Ok, so a lot of people were badly burnt by Y2K hysteria, which had a lot more media coverage than peak oil, relative to their supposed time of impact. Still, everything I've read that has attempted to debunk peak oil has been crappy at best. Now, I'm all for hyping the market mechanism to the hilt when it comes to solving problems, particularly in regard to enviro-skepticism. However, the repeated use of 'the market will fix it' and 'alternative energy sources' as anti-doomsday mantras is only convincing when accompanied by at least a skeleton plan.
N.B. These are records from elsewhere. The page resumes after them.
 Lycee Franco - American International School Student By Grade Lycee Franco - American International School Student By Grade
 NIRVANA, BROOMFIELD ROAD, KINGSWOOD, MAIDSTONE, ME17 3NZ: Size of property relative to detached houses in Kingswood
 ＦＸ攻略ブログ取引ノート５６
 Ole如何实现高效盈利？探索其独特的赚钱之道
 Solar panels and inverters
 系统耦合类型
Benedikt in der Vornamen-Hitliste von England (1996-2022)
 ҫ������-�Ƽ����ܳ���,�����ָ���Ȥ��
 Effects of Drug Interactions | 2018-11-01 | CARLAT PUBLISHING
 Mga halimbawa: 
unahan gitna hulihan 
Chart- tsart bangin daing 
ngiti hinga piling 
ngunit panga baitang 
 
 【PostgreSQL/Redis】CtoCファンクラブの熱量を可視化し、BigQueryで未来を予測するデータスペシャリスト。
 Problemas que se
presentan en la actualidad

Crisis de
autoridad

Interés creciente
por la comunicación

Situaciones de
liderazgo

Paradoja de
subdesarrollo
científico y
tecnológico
I've yet to see a debunking essay that can respond with any conviction to specific peak oil claims.

This topic ties in nicely with the recent Integral Naked conversation between KW and Michael Chrichton, regarding the impossibility of predicting the future. Now, regardless of the merits of that conversation regarding global warming, surely the same principles can be applied to the coming peak oil crisis?

Furthermore, isn't this an area rife for some kind of Integral speculation? Given that future scenarios essentially revolve around the idea of suburban life being retooled along previous lines: the end of walmart style corporations and the rebirth of civic life and the importance of local, highly urbanized communities.

Can the holonic metaphor apply here? That being if any Holon lower in the chain is destroyed, it prevents higher holons from emerging. So does the informational, post-industrial society rely on the industrial society to exist, or is our current lifestyle a particular offshoot of a certain breed of capitalism (if you're familiar with it, Jameson's the cultural logic of late capitalism seems applicable) and as such we wont see a descent into a pre-industrial mindset, but rather the retooling of cultural life, that will essentially subdue capitalistic cultural values, which will in turn place the emphasis firmly on community, which can be both pre-formal or just emerging into formal, and post-formal (I'm trying really hard not to say Blue and Green here).

More blunty: If industrial society is gutted, then what bits of post-industrial society will remain (assuming the worst case scenario?). If we're going to have faith in some kind of evolutionary telos, then peak oil will be corrective (perhaps violently, agonizingly corrective, but corrective none the less). Or is a matter of cultural/societal entropy, in which case Nihilism is the go?

Ok, rant over. Just got a little bit freaked out reading all the peak oil literature. Everyone who's read it seems to have the same reaction: FUCK! followed by a mix of bewilderment and skepticism. So that's my 2 cents.